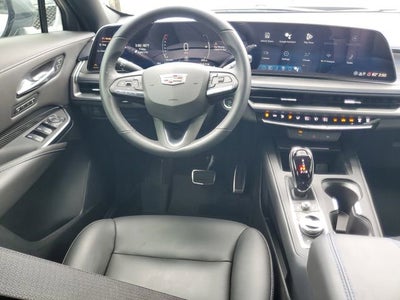 2025 Cadillac XT4 Sport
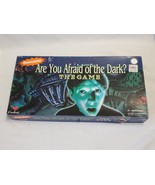 VINTAGE 1995 Nickelodeon Are You Afraid of the Dark Board Game - $29.69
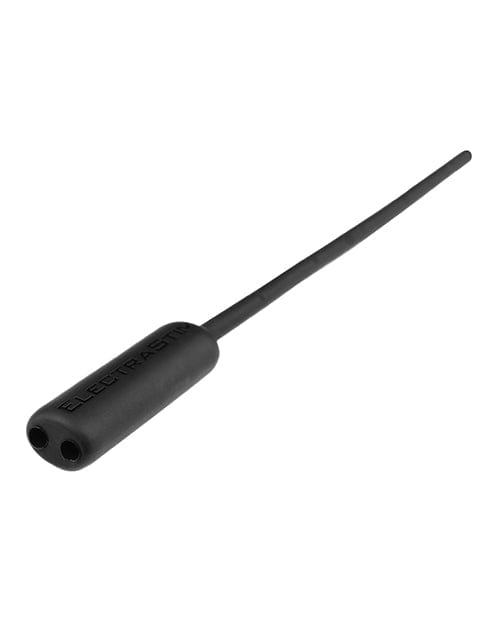 ElectraStim Electrastim Silicone Noir Flexible Electro Sound Kink &amp; BDSM
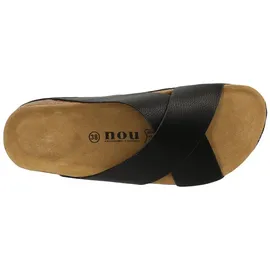 NOU Musoni V2 Damen, 1001A - black 40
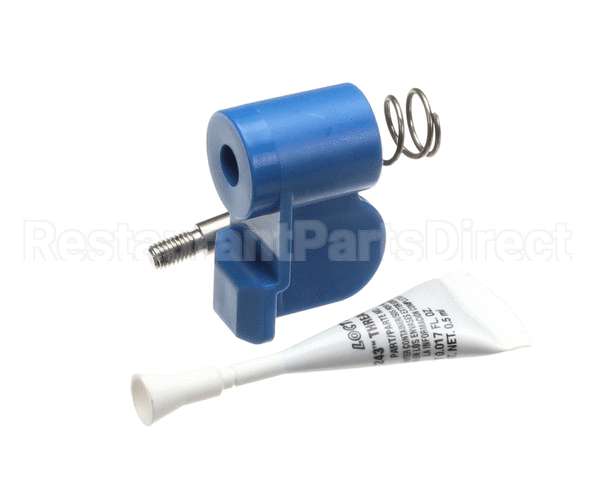 980-REPL-003 Prince Castle Blade/Pusher Blue Fasteners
______________________________
§ **Exercise brief**: The job here is to write out the records exactly, pictures excluded.

§ **Result of the exercise**:
 2025 Cadillac XT4 Sport
 VINTAGE 1995 Nickelodeon Are You Afraid of the Dark Board Game - $29.69
 ElectraStim Electrastim Silicone Noir Flexible Electro Sound Kink &amp; BDSM
 NOU Musoni V2 Damen, 1001A - black 40
 980-REPL-003 Prince Castle Blade/Pusher Blue Fasteners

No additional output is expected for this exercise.